▸ Task directions
Please state how many lines in the records below contain the word "What"; the answer should be a number and nothing else.

▸ Data records
>>>
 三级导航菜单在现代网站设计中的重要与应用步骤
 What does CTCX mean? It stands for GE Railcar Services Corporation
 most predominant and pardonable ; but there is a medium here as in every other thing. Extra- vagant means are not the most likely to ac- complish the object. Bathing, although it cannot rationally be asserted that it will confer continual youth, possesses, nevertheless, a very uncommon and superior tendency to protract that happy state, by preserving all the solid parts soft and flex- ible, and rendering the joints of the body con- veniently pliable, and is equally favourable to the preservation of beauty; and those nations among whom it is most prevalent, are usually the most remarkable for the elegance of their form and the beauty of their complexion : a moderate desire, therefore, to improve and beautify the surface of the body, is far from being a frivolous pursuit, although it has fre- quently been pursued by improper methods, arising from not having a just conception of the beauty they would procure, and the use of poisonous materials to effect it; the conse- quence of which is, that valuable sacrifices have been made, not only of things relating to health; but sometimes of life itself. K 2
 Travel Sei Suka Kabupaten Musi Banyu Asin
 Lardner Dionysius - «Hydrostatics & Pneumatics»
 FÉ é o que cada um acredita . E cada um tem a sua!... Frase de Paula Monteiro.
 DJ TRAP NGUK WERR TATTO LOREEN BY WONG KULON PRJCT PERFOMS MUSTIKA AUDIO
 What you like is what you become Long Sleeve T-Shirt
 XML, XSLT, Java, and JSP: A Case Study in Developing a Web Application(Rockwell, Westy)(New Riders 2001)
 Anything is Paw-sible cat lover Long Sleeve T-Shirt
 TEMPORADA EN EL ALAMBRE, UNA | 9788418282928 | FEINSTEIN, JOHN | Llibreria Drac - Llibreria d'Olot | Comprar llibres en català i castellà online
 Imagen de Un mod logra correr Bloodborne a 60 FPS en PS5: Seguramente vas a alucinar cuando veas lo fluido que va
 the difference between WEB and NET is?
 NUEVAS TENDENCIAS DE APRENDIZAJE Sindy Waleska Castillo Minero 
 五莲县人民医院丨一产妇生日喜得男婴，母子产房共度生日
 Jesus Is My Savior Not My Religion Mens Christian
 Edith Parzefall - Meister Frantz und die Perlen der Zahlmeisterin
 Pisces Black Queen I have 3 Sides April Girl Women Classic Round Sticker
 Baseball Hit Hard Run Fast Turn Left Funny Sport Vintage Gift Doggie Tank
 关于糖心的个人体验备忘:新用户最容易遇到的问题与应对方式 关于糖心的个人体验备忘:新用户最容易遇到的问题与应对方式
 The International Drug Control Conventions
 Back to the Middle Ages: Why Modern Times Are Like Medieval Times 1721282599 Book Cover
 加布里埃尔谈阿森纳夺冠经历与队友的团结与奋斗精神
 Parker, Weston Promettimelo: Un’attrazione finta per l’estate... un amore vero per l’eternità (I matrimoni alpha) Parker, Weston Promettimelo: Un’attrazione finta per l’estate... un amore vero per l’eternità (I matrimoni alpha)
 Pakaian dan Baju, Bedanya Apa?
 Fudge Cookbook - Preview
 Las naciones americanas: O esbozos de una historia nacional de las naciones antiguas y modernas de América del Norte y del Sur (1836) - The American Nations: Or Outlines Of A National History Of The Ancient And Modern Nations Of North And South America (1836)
<<<
▸ Answer section
2